Use Descriptive Names
Choose clear, descriptive names for basins and streams:
// Good: Clear purpose
let basin = s2.basin("user-events");
let stream = basin.stream("signup-events");
// Bad: Unclear purpose
let basin = s2.basin("data");
let stream = basin.stream("stream1");
Name Validation
Basin and stream names must:
- Be 1-63 characters long
- Contain only lowercase letters, numbers, and hyphens
- Start and end with a letter or number
- Not contain consecutive hyphens
Writing Data
Batch Records
Batch multiple records in a single append for better throughput:
// Good: Batch multiple records
let records = vec![
AppendRecord::new("event1")?,
AppendRecord::new("event2")?,
AppendRecord::new("event3")?,
];
let input = AppendInput::new(AppendRecordBatch::try_from_iter(records)?);
stream.append(input).await?;
// Bad: Individual appends
for event in events {
let input = AppendInput::new(AppendRecordBatch::try_from_iter([
AppendRecord::new(event)?
])?);
stream.append(input).await?; // Multiple round trips
}
S2 processes batches atomically - all records in a batch succeed or fail together.
Use the Producer API
For high-throughput scenarios, use the Producer API which handles batching and pipelining automatically:
use s2_sdk::producer::ProducerConfig;
let producer = stream.producer(ProducerConfig::new());
// Submit records and get tickets
let ticket1 = producer.submit(AppendRecord::new("event1")?).await?;
let ticket2 = producer.submit(AppendRecord::new("event2")?).await?;
// Wait for acknowledgments
let ack1 = ticket1.await?;
let ack2 = ticket2.await?;
// Always close the producer when done
producer.close().await?;
The Producer API automatically batches records and uses pipelining for optimal performance.
Handle Errors
Always handle append errors appropriately:
match stream.append(input).await {
Ok(output) => {
println!("Appended {} records", output.records.len());
}
Err(S2Error::Server(err)) => {
// Server error - may be retryable
eprintln!("Server error: {}", err.message);
}
Err(S2Error::Client(err)) => {
// Client error - likely not retryable
eprintln!("Client error: {}", err);
}
Err(err) => {
eprintln!("Unexpected error: {}", err);
}
}
Reading Data
Use Streaming Sessions
For continuous reading, use streaming sessions instead of polling:
use futures::StreamExt;
let input = ReadInput::new();
let mut batches = stream.read_session(input).await?;
while let Some(result) = batches.next().await {
let batch = result?;
for record in batch.records {
// Process record
println!("seq_num: {}, body: {:?}", record.seq_num, record.body);
}
}
Set Appropriate Read Limits
Control how much data you read:
use s2_sdk::types::{ReadLimits, ReadStop};
let input = ReadInput::new()
.with_stop(ReadStop::new()
.with_limits(ReadLimits::new()
.with_count(100) // Max 100 records
.with_bytes(1024 * 1024) // Max 1MB
)
);
let output = stream.read(input).await?;
Use Checkpoints
Store the last processed sequence number to resume reading:
// Read from a specific sequence number
let input = ReadInput::new()
.with_start_seq_num(last_processed_seq_num + 1);
let output = stream.read(input).await?;
// Process records and update checkpoint
for record in output.records {
process_record(&record)?;
last_processed_seq_num = record.seq_num;
save_checkpoint(last_processed_seq_num)?;
}
S2 Lite Specific
Storage Backend Selection
In-Memory (Development/Testing)
# No persistence - data lost on restart
s2 lite --port 8080
Perfect for integration tests and local development.
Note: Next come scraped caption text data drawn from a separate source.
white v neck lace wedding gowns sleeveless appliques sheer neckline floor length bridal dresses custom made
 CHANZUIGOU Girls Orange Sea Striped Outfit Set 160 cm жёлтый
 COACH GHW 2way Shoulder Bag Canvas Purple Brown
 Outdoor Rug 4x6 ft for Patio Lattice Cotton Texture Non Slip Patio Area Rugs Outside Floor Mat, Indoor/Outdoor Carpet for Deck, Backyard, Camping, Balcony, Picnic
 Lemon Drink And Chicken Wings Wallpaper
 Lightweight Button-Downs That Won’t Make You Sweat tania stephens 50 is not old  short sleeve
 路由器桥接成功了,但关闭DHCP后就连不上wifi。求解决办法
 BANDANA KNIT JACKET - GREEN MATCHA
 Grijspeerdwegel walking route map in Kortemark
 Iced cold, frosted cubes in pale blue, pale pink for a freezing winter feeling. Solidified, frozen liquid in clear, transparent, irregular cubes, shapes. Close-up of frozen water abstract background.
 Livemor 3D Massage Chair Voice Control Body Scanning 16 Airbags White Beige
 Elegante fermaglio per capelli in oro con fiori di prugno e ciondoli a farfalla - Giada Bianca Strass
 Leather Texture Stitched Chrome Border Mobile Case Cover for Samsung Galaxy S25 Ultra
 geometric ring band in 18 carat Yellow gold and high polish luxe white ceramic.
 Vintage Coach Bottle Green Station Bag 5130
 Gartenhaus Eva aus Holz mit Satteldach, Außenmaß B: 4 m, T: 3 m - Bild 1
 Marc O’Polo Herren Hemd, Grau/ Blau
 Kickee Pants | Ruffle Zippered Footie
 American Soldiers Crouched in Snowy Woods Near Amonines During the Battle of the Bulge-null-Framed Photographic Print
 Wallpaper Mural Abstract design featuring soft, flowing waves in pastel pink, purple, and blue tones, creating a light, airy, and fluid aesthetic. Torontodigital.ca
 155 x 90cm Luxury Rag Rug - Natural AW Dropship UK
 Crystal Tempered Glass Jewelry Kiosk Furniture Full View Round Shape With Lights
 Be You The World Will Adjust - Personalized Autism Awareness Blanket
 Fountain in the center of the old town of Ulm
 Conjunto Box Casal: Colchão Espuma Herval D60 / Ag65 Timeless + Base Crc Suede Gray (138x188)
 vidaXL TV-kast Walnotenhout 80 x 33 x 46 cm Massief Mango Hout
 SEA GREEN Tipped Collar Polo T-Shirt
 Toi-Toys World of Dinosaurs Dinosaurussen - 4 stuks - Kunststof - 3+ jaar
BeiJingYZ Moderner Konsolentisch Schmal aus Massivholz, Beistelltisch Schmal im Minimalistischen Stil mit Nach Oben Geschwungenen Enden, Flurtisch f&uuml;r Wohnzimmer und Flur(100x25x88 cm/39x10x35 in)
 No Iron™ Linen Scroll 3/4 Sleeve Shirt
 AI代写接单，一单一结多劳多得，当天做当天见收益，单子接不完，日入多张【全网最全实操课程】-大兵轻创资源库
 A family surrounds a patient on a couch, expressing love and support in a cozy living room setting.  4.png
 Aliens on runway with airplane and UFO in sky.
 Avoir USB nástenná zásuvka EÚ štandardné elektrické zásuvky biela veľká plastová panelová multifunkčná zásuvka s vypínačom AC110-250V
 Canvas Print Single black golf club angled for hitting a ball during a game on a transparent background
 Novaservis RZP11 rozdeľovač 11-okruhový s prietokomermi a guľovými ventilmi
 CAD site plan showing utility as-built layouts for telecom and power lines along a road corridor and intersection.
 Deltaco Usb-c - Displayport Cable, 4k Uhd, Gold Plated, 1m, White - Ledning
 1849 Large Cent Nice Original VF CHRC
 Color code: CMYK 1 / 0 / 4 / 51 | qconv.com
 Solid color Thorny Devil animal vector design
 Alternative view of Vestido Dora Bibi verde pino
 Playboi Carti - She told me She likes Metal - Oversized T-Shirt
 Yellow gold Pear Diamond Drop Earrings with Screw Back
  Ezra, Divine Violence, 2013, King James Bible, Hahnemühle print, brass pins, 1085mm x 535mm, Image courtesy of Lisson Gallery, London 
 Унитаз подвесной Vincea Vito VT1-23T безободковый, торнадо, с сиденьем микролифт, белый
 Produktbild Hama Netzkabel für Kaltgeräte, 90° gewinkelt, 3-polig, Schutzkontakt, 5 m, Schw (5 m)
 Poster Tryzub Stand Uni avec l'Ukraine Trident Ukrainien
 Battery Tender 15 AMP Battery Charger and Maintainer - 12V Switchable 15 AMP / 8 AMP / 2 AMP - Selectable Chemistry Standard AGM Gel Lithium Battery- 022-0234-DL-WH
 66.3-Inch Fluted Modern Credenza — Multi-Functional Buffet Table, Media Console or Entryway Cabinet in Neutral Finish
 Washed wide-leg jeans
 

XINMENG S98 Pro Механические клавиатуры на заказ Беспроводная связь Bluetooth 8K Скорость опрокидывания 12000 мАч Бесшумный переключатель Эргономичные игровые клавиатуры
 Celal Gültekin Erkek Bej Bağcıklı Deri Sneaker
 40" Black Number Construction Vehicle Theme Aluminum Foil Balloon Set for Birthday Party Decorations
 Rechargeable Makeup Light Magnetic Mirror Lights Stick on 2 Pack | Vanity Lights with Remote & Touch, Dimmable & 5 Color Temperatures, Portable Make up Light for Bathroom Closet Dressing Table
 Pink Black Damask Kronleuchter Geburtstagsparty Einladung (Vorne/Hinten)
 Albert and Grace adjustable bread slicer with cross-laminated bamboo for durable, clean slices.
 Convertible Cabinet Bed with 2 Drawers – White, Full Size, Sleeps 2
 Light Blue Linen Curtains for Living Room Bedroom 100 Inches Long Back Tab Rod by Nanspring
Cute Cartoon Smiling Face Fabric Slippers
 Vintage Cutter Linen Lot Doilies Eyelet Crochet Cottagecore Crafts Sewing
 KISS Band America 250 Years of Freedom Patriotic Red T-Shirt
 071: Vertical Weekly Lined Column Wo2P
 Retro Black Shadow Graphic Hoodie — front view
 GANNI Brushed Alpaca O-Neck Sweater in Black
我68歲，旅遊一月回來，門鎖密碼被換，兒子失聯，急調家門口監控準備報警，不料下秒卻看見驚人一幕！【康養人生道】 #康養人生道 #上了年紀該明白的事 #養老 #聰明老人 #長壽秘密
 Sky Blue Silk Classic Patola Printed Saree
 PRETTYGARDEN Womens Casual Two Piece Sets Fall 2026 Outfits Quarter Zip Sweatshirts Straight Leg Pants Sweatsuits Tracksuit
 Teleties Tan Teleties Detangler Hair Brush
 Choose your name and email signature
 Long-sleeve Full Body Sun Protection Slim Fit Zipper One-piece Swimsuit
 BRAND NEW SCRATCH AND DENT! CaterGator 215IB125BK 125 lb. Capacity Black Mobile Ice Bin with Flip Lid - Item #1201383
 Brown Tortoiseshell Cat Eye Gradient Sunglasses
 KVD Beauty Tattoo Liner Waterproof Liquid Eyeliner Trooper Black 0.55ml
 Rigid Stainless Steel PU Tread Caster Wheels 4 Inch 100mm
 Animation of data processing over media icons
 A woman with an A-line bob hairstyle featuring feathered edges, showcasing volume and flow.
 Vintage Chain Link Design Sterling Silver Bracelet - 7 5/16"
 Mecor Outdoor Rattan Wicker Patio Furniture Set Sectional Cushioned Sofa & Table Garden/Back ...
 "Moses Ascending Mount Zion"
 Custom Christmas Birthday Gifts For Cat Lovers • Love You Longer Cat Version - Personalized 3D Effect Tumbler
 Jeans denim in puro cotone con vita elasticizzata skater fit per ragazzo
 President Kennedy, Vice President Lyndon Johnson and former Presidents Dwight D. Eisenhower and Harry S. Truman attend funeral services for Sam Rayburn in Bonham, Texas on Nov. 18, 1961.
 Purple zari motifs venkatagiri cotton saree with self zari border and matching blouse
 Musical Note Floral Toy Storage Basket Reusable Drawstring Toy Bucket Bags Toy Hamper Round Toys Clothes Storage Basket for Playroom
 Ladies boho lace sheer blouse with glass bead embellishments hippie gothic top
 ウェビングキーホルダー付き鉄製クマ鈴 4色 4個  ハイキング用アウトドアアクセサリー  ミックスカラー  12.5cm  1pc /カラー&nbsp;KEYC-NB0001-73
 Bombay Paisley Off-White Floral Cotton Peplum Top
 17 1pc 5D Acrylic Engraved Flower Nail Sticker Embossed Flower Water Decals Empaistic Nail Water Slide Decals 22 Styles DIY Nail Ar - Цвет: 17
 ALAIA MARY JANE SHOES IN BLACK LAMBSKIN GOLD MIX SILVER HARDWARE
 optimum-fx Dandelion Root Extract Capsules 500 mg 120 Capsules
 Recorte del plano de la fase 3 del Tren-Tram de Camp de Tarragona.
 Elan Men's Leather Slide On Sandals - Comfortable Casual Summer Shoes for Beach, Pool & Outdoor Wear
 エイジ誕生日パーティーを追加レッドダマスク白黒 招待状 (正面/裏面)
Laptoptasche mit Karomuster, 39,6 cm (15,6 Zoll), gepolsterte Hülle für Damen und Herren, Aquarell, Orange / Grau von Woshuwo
Local Disk (Single-Node Development)
# Persists to local disk
s2 lite --port 8080 --local-root /var/lib/s2lite
Local disk mode is not suitable for production as it lacks durability guarantees.
Object Storage (Production)
# AWS S3
s2 lite --bucket my-s3-bucket --path s2lite
# Tigris or other S3-compatible
AWS_ACCESS_KEY_ID=xxx \
AWS_SECRET_ACCESS_KEY=yyy \
AWS_ENDPOINT_URL_S3=https://fly.storage.tigris.dev \
s2 lite --bucket my-bucket --path s2lite
Always use object storage for production deployments to ensure data durability.
Resource Limits
When deploying S2 Lite, set appropriate resource limits:
resources:
requests:
memory: "512Mi"
cpu: "500m"
limits:
memory: "2Gi"
cpu: "2000m"
Environment Variables
SlateDB Configuration
# Flush interval (lower = better latency, more API calls)
SL8_FLUSH_INTERVAL=10ms
For production with object storage, use 50ms (default). For in-memory testing, use 5ms (default).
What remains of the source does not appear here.